Hélas, ce qui devait être une commémoration historique s’est transformé en cauchemar.
Les manifestants qui croyaient avoir rompu définitivement avec la dictature et la violence policière (l’un n’allant pas sans l’autre) se retrouvent  interloqués devant un rappel - choc de « leur passé et de leur présent ».
Aussitôt réunis, les manifestants sont assaillis de toutes parts par une police au comportement barbare sans aucune commune mesure avec celui qu’elle affichait à la manifestation du 20 mars dernier.

Les manifestants se retrouvent, à leur grande surprise, sans défense, à la merci de policiers en tenue et de quelques individus en civil aux regards plein de haine et se croyant tout permis par la grâce de leurs barbes et  de leurs gourdins.

Cette violence qui s’est déchainée tout d’un coup contre une partie spécifique de notre peuple, ceux que l’on nomme dans les coulisses du pouvoir « les renégats », à été  orchestrée par ceux qui nous gouvernent  pour rappeler à l’ordre  tous ceux qui refusent de rentrer dans un certain moule et refusent le retour en arrière toute, sous couvert de force de loi.

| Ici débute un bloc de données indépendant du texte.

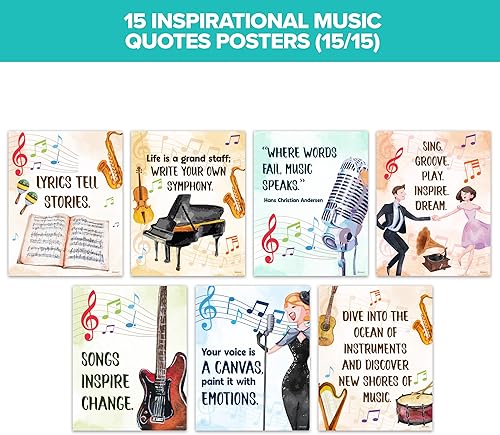 Miniatura 4 de Decorably 15 pósteres musicales para aula, 11 x 14 pulgadas, laminados en mate, carteles educativos para el aula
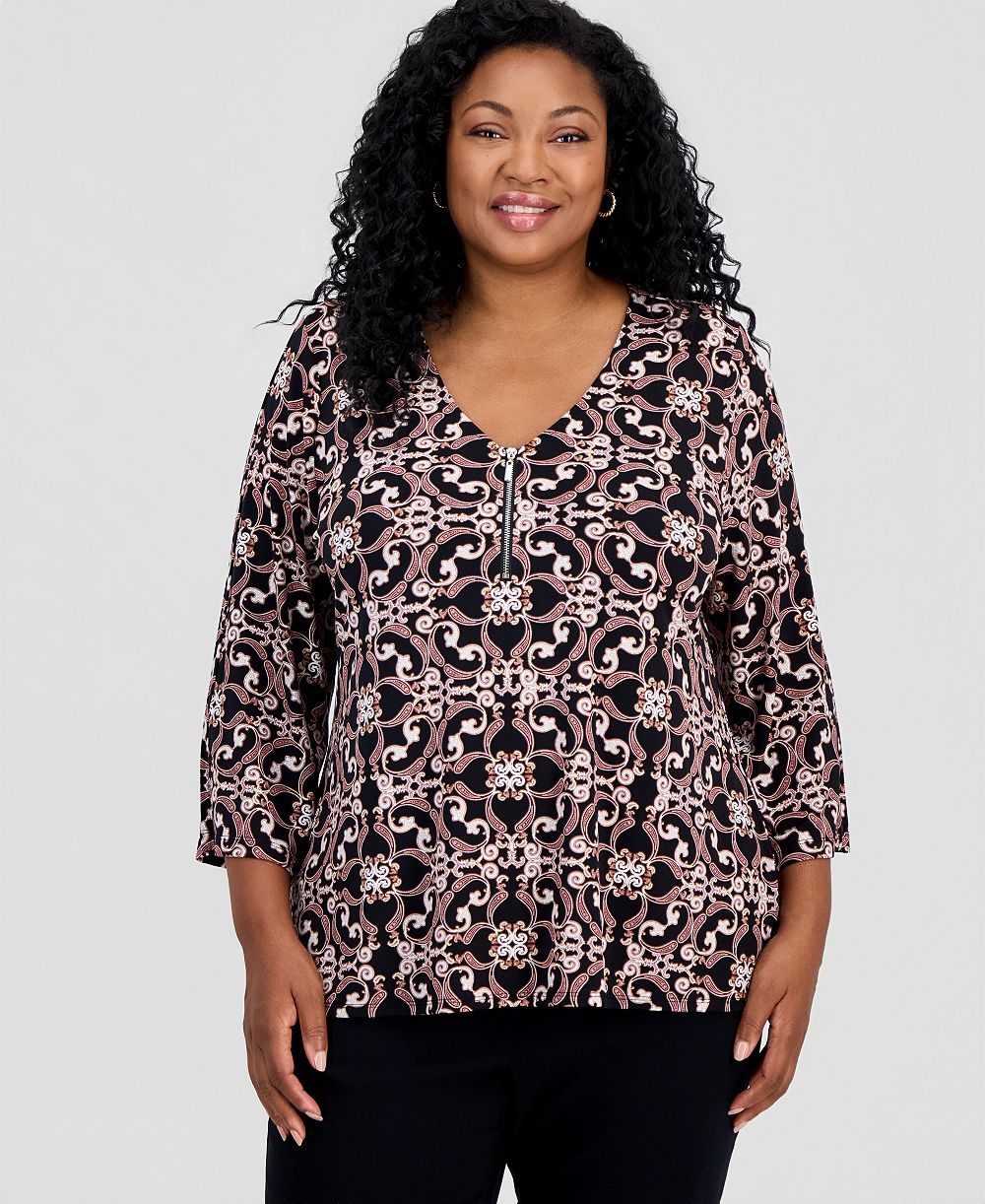 Женский топ Plus Size JM Collection Zip-Neck 3/4-Sleeve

Comme par hasard, les cibles privilégiées d’attaques sont ceux qui n’ont jamais renié leurs idées. Ceux dont on est fiers et qui pèsent dans la société tunisienne et qui ont beaucoup donné et beaucoup subi :Hamma Hammami, qui n’arrête pas d’être persécuté depuis des décennies et qui n’est toujours pas sorti de l’auberge, Jawhar Ben Mbarek fracassé jusqu’à la fracture, Samir Taieb, Ksila et bien d’autres dont beaucoup de femmes anonymes que l’on a vues en sang, trainées sans pitié dans les rues.
Notre triste histoire ne cesse de  se répéter, et nos militants d’encaisser.

Leurs crimes, ces patriotes-là, c’est d’être de gauche ou d’être laïque ou d’être moderniste ou d’être simplement des citoyens modérés. Est-ce un crime de ne pas avoir de barbe, de ne pas porter le hijab ou le niqab, et de circuler sans un coran sous les bras ? Le coran est un livre Saint à ma connaissance, il doit être respecté et non pas utilisé comme un tract politique.

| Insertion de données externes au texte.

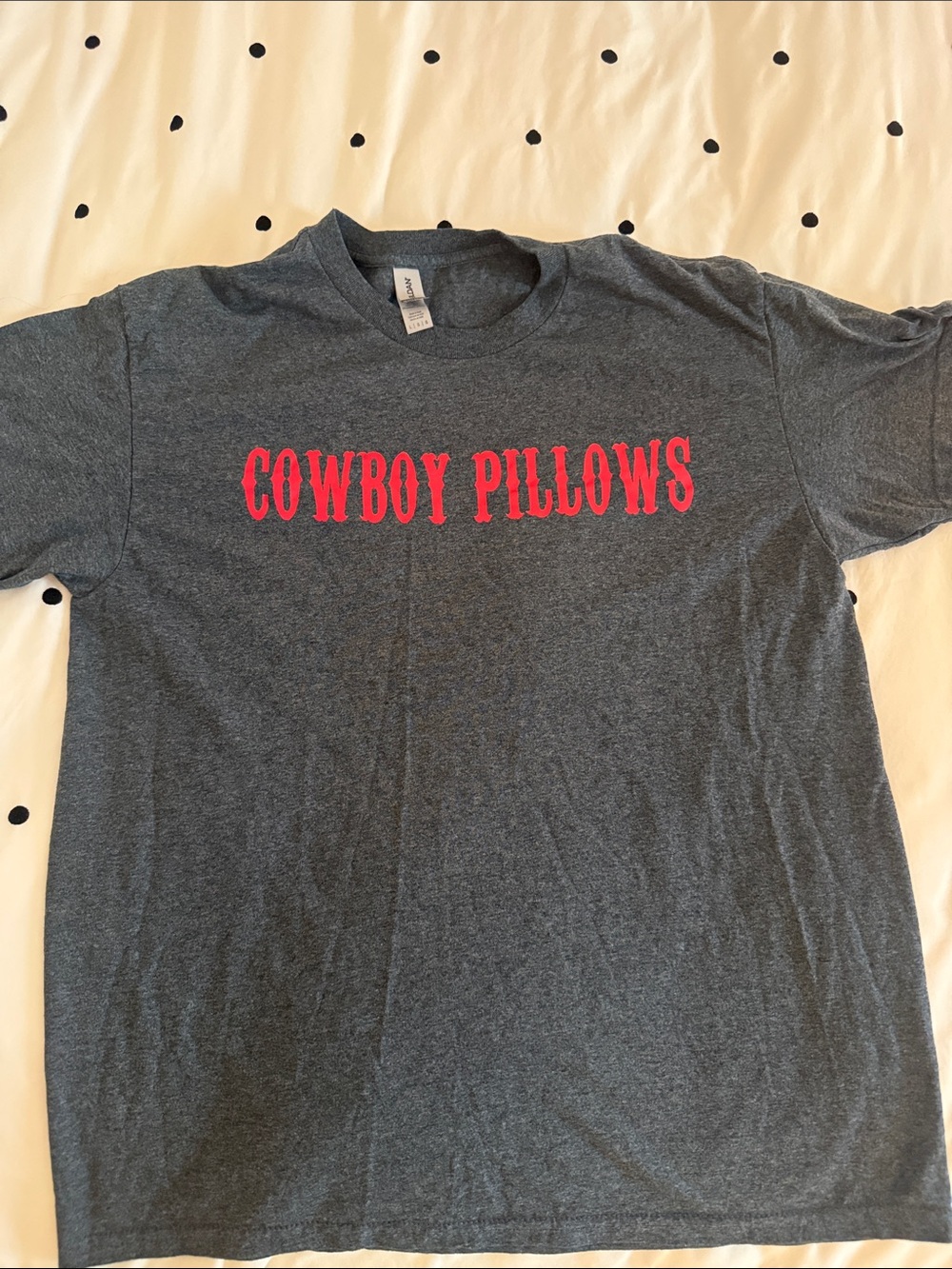 Cowboy Pillows Gray Graphic Tee with Red Lettering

Hélas, le gouvernement a prouvé encore une fois que ses enfants gâtés  ne sont pas ceux qui  luttent avec les plumes, les mots et les idées, mais ceux qui brandissent sabres, bâtons et drapeaux noirs et menacent notre avenir. Eux on ne les traque pas, on ne les inquiète pas, on ne les punit pas et on ne les  cherche même pas.

Les autres,on les surveille, on condamne leurs idées, leur apparence, leur mode de vie même les mots dérivés du mot LIBERTE leurs sont interdits d’écriture sinon la condamnation sera sans appel.